James: [grabbing a brochure for himself]

Me:


Monday, May 1, 2017

Surviving Science Fair Season

Remember when you were in high school and you longed for a day when you'd be through with intrusions on your life like book reports and science fairs? Remember how you hungered for a life that no longer included homework? Remember the incredible freedom you felt on graduation day as the weight of syllabuses, memorized locker combinations, and term papers rolled off your shoulders?


I now realize I was a BIT premature in feeling like I had walked away from all of that. It's especially clear when I'm stressing in the morning to help get forgotten homework completed or when I'm supervising a large school project. Days of doing homework aren't DONE; the difficulty level has just been increased. Books, notes, and/or instructions are often left at school, requiring guesswork on what the teacher intended and expects. There is a direct ratio between my understanding of the assignment and arguments from the child, who has misinterpreted said assignment, but is certain he/she DOES understand. Most of all, there is a distinct drop in control over time management (as, inevitably, any assignment or project I help with has been put off until the last possible second).

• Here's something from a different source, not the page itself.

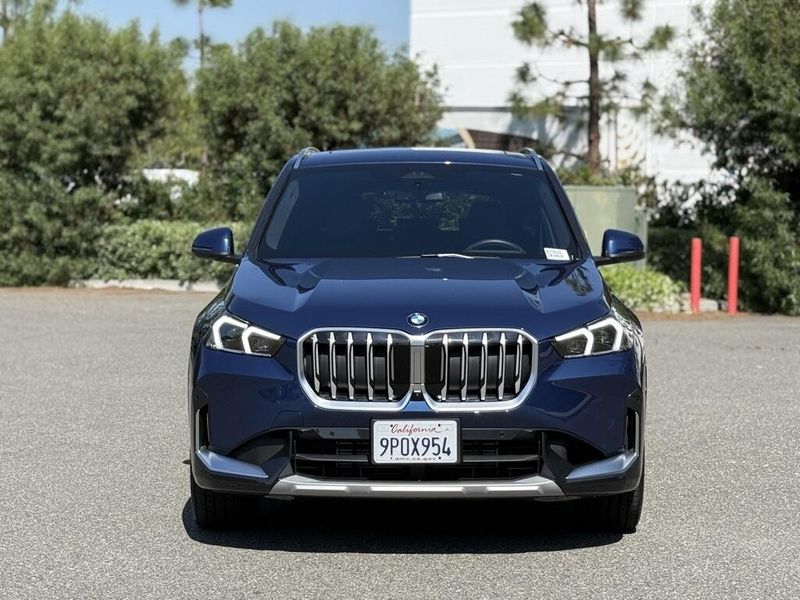 2025 BMW X1 xDrive28iImage 3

Right now the school year is about 65 to 75% done. The kids are 90 to 100% done. The gap ends up requiring 110% effort from me (don't worry; it all adds up when you apply Common Core math). For some reason (likely some sick sense of humor) the schools choose THIS time of year to assign the largest, most time-consuming homework, like science fair projects.


In years past I prided myself on obtaining that perfect mixture of allowing the child to "help" just enough to honestly say he/she "did" the project, while ensuring I created a scientific work of art.


This year I attempted a new strategy. It was actually out of necessity. I was distracted with trying to minimize the damage of the train wreck that was my son's grades, so I allowed my 5th grade daughter to take on her science fair project all by herself.

I recently quit doing the kids' laundry. I was tired of putting clean, folded clothes on their beds to be put away, only for them to be kicked around until they fell to the floor, get kicked around some more, then get thrown right back into the dirty laundry. As a new member of the laundering community, Maddie decided to test which stain removers work best.

It is hard to put into words just how painful it was for me (a self-admitted control freak with a touch of obsessive compulsive disorder) to watch said project leave the house the day it was due.

Here was her hypothesis:


Here; let me offer a bit of punctuation for that last one, since complete sentence structure didn't seem to be a priority for this project in any way, shape or form.
Stain remover, organic or not: I think it will work. Well, not as well as bleach, but...well...because, like I said, bleach takes out all the color and stain remover doesn't.

Here were her conclusions:


Again, I'll offer a bit of punctuation clarification.
Soap: It was...well...I don't know how it was, but it just was.
Bleach looked like it was from the start - plain white. I was right; yay!!!!
Organic was way worse than non-organic. Weird, right?

And...drum roll...here's our [beautiful?] finished product.


I don't drink. I think if I did, this would have been a good time to grab the bottle. Instead, it is times like these when I am extremely thankful for friends who take the sting out of some of these parenting challenges (whether they realize what they're doing or not). A few weeks ago my friend, Vickie, stopped by the house unexpectedly. She had recently made a quilt; the colors of which were inspired by a recent trip she took to Sprague Lake.


She decided - for whatever reason - to gift me the [breathtakingly beautiful] quilt. Now, on mornings like that one, when my nerves are particularly fried, I curl up under said quilt and escape into one of my books, allowing my energy reserves replenish in time to face whatever challenge the end of the school day may throw my way next. At night I keep it folded up at the end of my bed, and when I climb in at bedtime, exhausted and drained, the weight of it on my feet feels like a daily hug from my thoughtful, talented, and very generous friend. Thank you, Vickie, for helping me survive this year's edition of Science Fair Season!